DATASET CONTENT Block Start

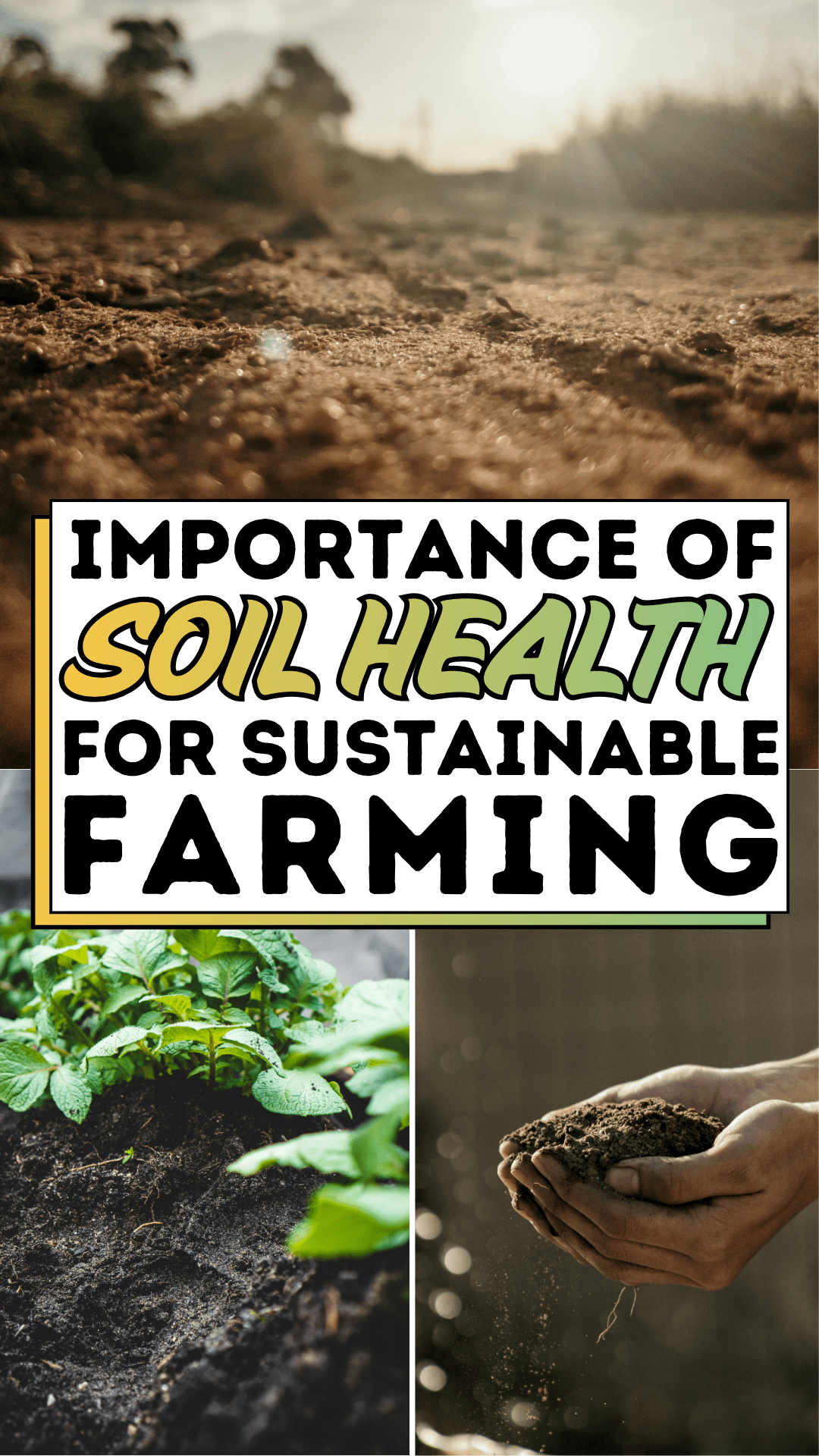 Importance Of Soil Health For Sustainable Farming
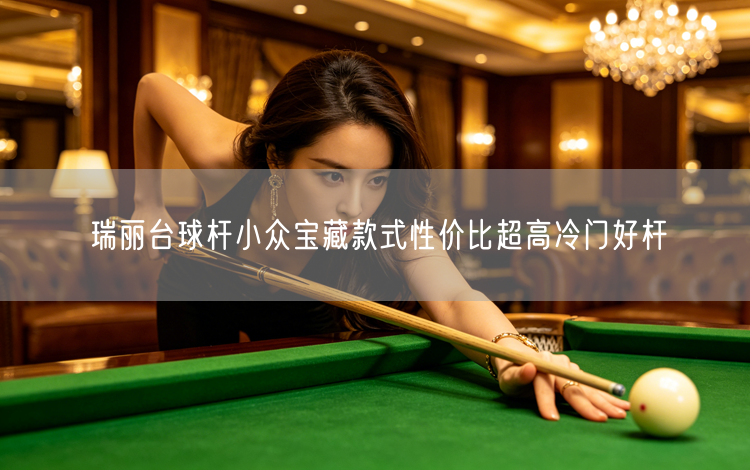 瑞丽台球杆小众宝藏款式性价比超高冷门好杆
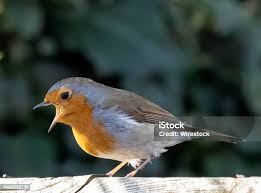 Attēlu rezultāti vaicājumam “Erithacus rubecula”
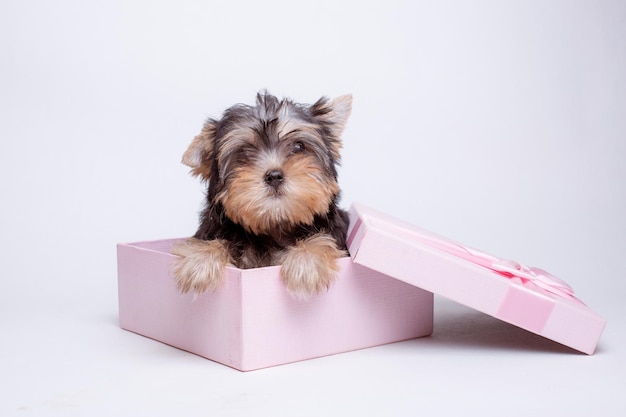 Un cachorro de Yorkshire terrier en una caja de regalo rosa está aislado en un fondo blanco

DATASET CONTENT Block End

:: TASK GOAL ::
Skipping all images, output the listing exactly.

:: REPLY ::
 Importance Of Soil Health For Sustainable Farming
 瑞丽台球杆小众宝藏款式性价比超高冷门好杆
 Attēlu rezultāti vaicājumam “Erithacus rubecula”
 Un cachorro de Yorkshire terrier en una caja de regalo rosa está aislado en un fondo blanco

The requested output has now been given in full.